Staff Site Reliability Engineer

CrusoeSan Francisco, California, United States

30+ days ago

Job type

Full-time

Job description

Crusoe is building the World’s Favorite AI-first Cloud infrastructure company. We’re pioneering vertically integrated, purpose-built AI infrastructure solutions trusted by Fortune 500 companies to power their most advanced AI applications. Crusoe is redefining AI cloud infrastructure, with a mission to align the future of computing with the future of the climate. Our AI platform is recognized as the "gold standard" for reliability and performance. Our data centers are optimized for AI workloads and are powered by clean, renewable energy.

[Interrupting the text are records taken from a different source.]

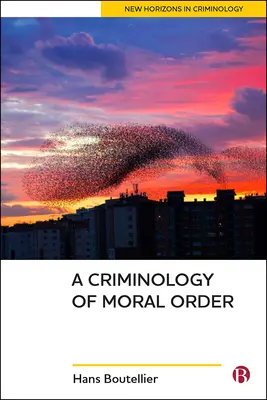Kriminológia morálneho poriadku - A Criminology of Moral Order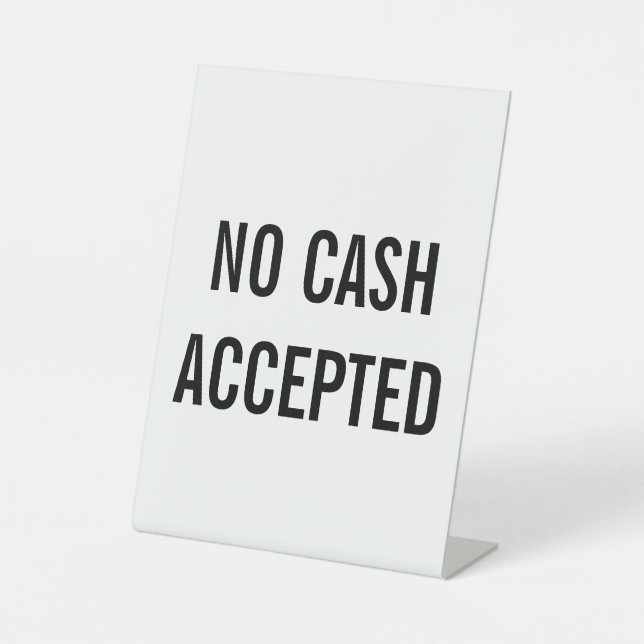 No Cash Accepted Pedestal Sign (Front)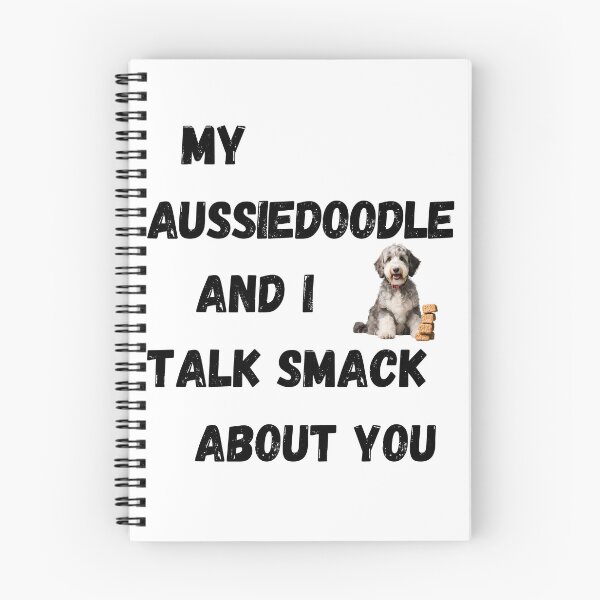 Item preview, My Aussiedoodle and I Talk Smack designed and sold by Fredster1966.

Be part of the AI revolution with sustainable technology at Crusoe. Here, you'll drive meaningful innovation, make a tangible impact, and join a team that’s setting the pace for responsible, transformative cloud infrastructure.

About This Role :

At Crusoe Energy Systems, our Site Reliability Engineering (SRE) team plays a pivotal role in ensuring the reliability and performance of our infrastructure. SRE at Crusoe is dedicated to detecting, analyzing, and preventing issues to maintain high Service Level Agreement through Service Level Indicators (SLIs) and Service Level Objectives (SLOs). Through automation and proactive remediation, our SREs not only resolve common errors automatically but also advise various engineering teams in building resilient code. We prioritize anticipating and resolving issues before they impact our customers, conducting thorough post-mortems, and driving continuous improvement. Our customer-centric approach ensures that clients always have access to the virtual machines they depend on. Join us to help build and maintain the robust systems that power Crusoe's innovative solutions.

A Day in the Life :

As a Site Reliability Engineer at Crusoe Energy Systems, your day begins with a review of overnight alerts and system performance metrics to ensure everything is running smoothly. You will collaborate with your team in a morning stand-up meeting to discuss ongoing projects, recent incidents, and priorities for the day. Your tasks might include automating routine processes, analyzing system logs, and developing tools to enhance our monitoring capabilities. You'll spend part of your day working closely with software engineers, advising on best practices for resilient code and reviewing changes before deployment. Regularly, you will engage in incident response drills, post-mortems, and root cause analysis sessions to learn from past issues and prevent future ones. Throughout the day, you will stay focused on maintaining high SLIs and SLOs, ensuring that our infrastructure remains robust and reliable for our customers. By day's end, you will document your work, share insights with your team, and plan for the next day's challenges, always with a customer-centric mindset.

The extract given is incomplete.